*What you are asked to do*. Make an exact copy of the listing below. Pictures stay out of it.
Recorded information START
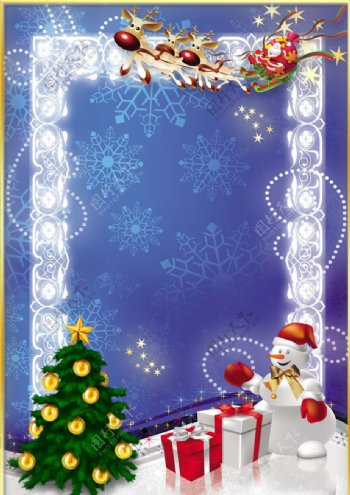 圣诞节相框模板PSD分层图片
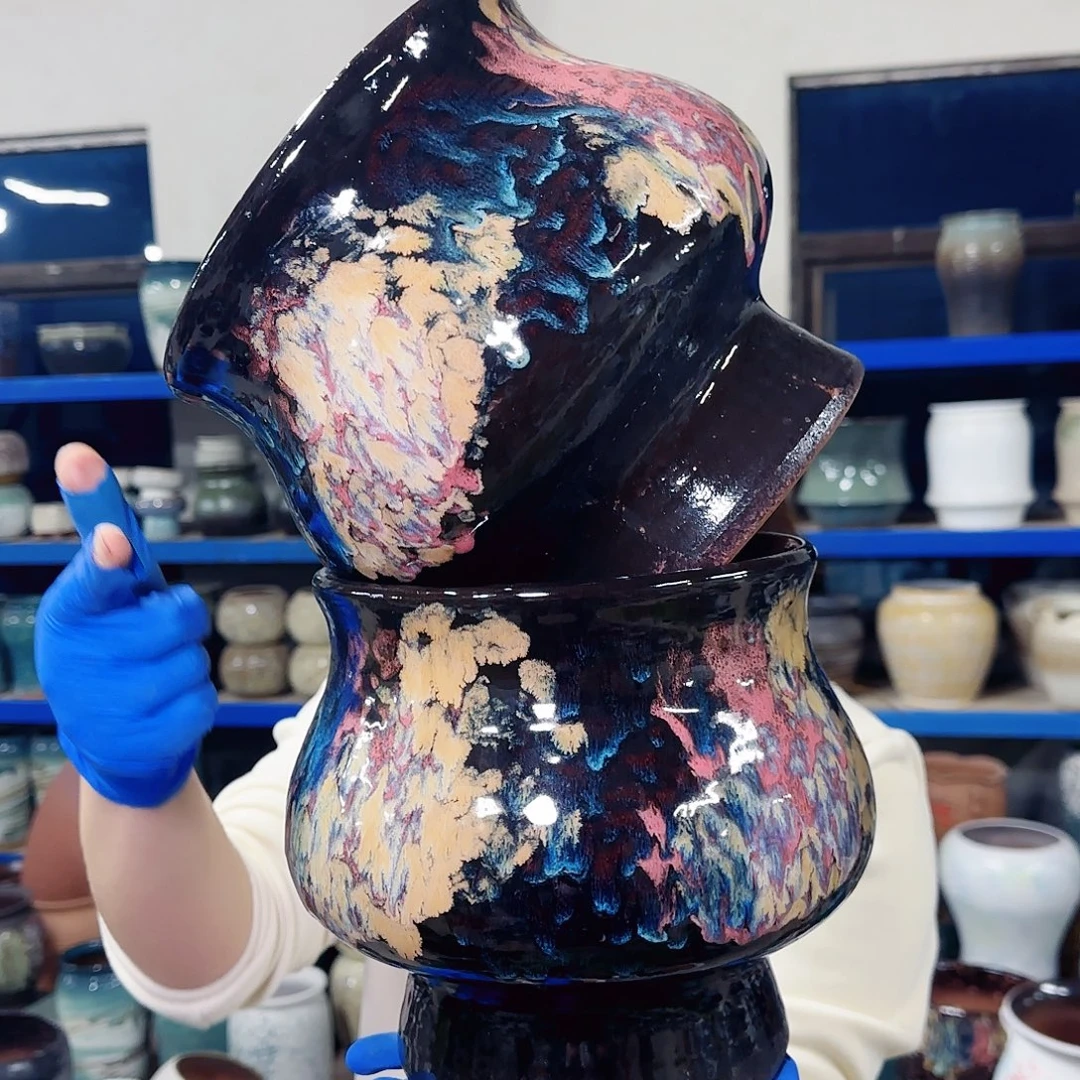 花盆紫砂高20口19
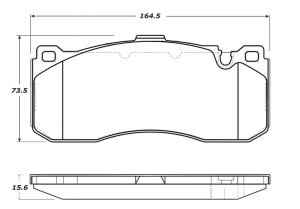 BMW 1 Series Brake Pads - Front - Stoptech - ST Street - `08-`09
Recorded information END
*The answer*.
 圣诞节相框模板PSD分层图片
 花盆紫砂高20口19
 BMW 1 Series Brake Pads - Front - Stoptech - ST Street - `08-`09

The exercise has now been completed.